• _EXERCISE BRIEF_
Give the data again exactly as written, without any of its pictures.

Stored entries:
· · · · · · ·
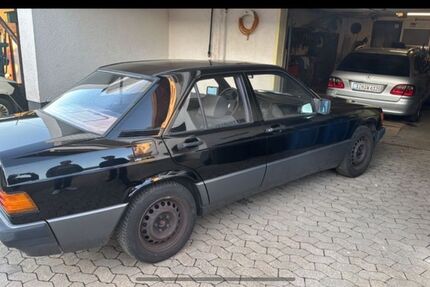Mercedes-Benz 190 150.000 km 4.500 € Koblenz 56068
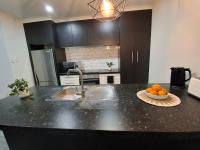 CLR Acc - B&B Hamilton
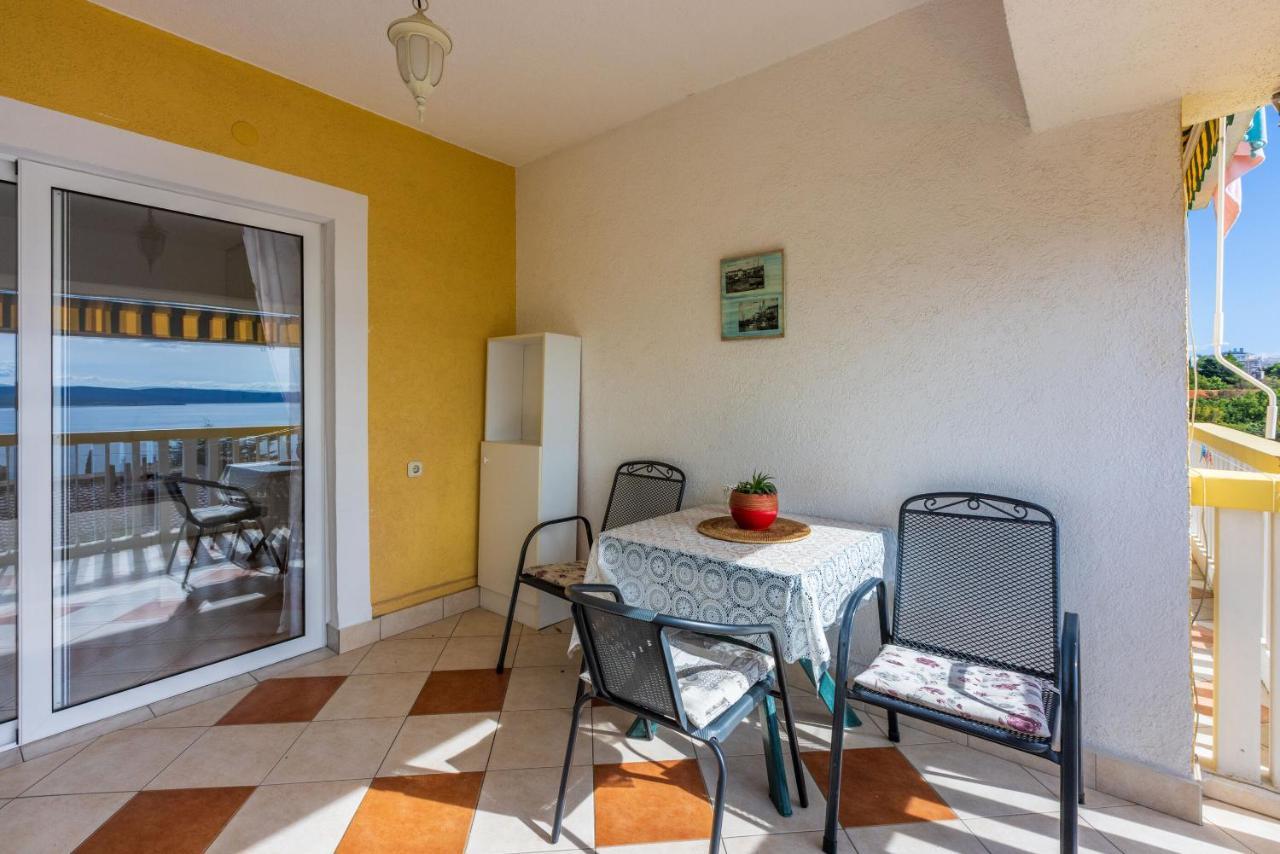 Apartments Neno Crikvenica Exterior photo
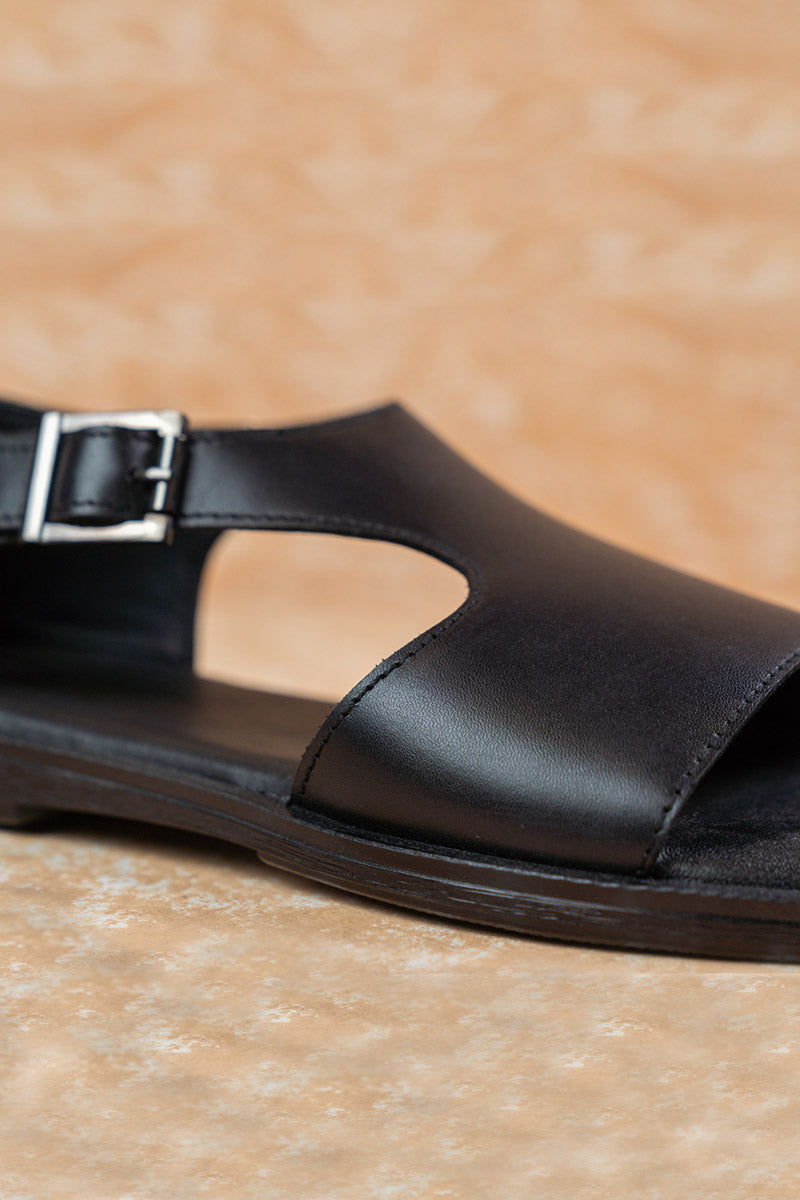 Burnish Leather Sandal With Buckle
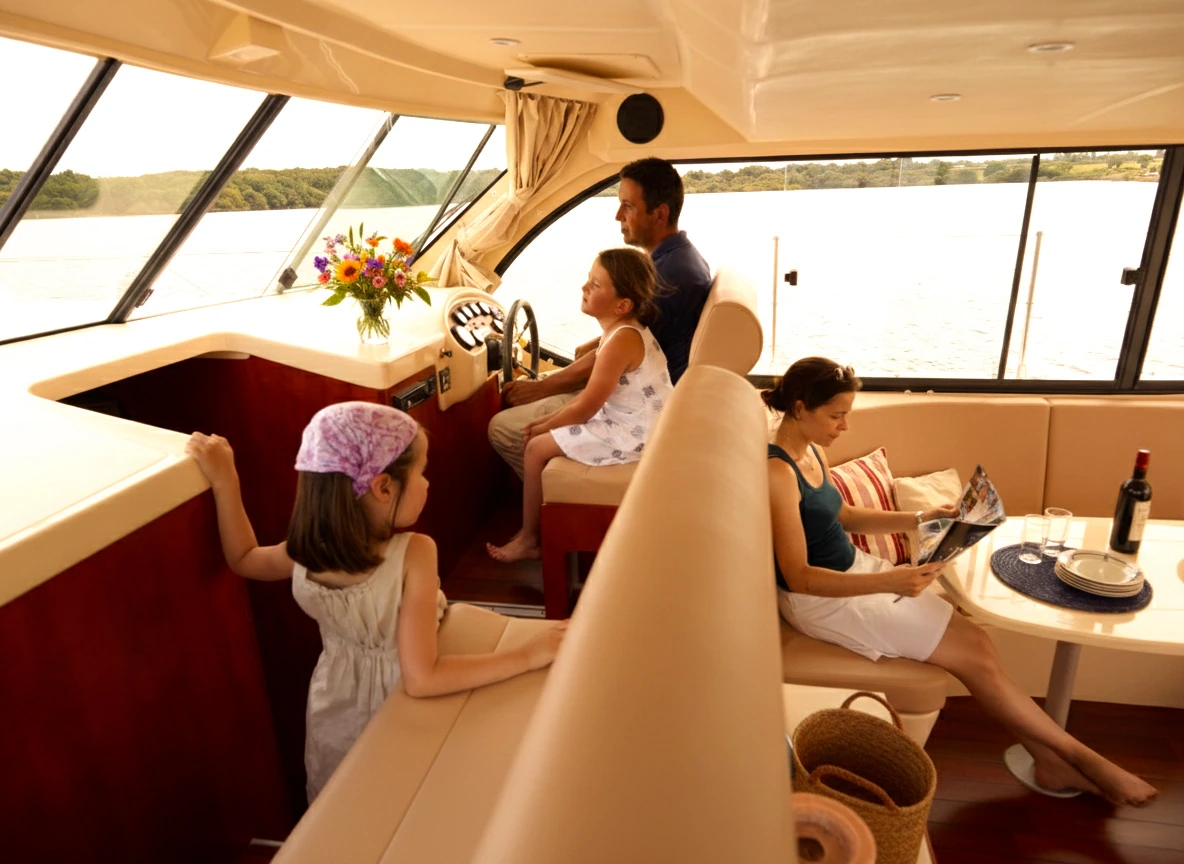 Features and Layout of Our Model - Cruiser Premium 8/10 Pers.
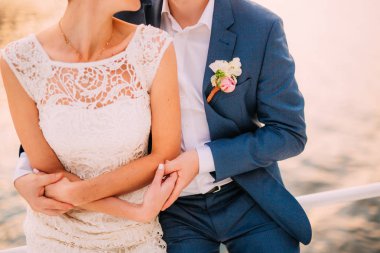 Yeni evliler birbirlerine Karadağ'sarılmak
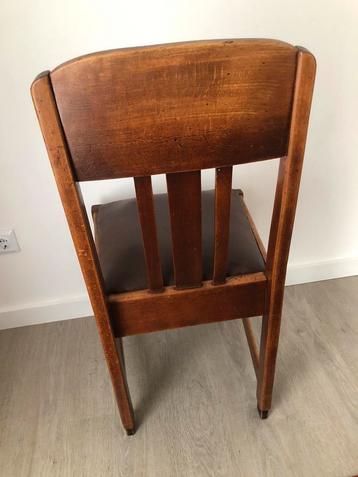 6 kamerstoelen hout met leren bekleding. beschikbaar voor biedingen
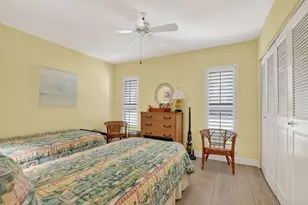 250 NE 20th St, Boca Raton, FL 33431 - Photo 13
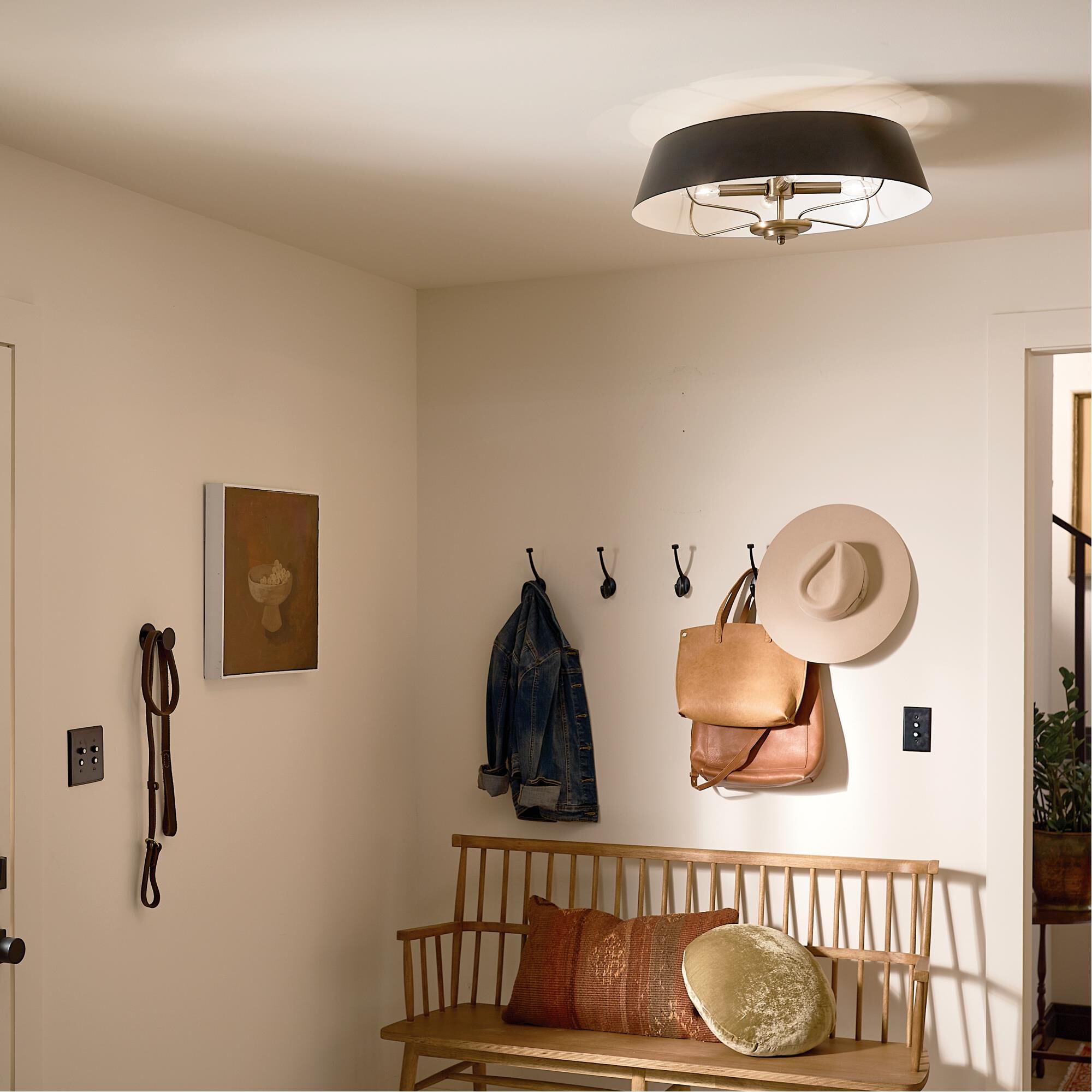 Shown in Black finish and Metal shade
· · · · · · ·
• _ANSWER BELOW_
Mercedes-Benz 190 150.000 km 4.500 € Koblenz 56068
 CLR Acc - B&B Hamilton
 Apartments Neno Crikvenica Exterior photo
 Burnish Leather Sandal With Buckle
 Features and Layout of Our Model - Cruiser Premium 8/10 Pers.
 Yeni evliler birbirlerine Karadağ'sarılmak
 6 kamerstoelen hout met leren bekleding. beschikbaar voor biedingen
 250 NE 20th St, Boca Raton, FL 33431 - Photo 13
 Shown in Black finish and Metal shade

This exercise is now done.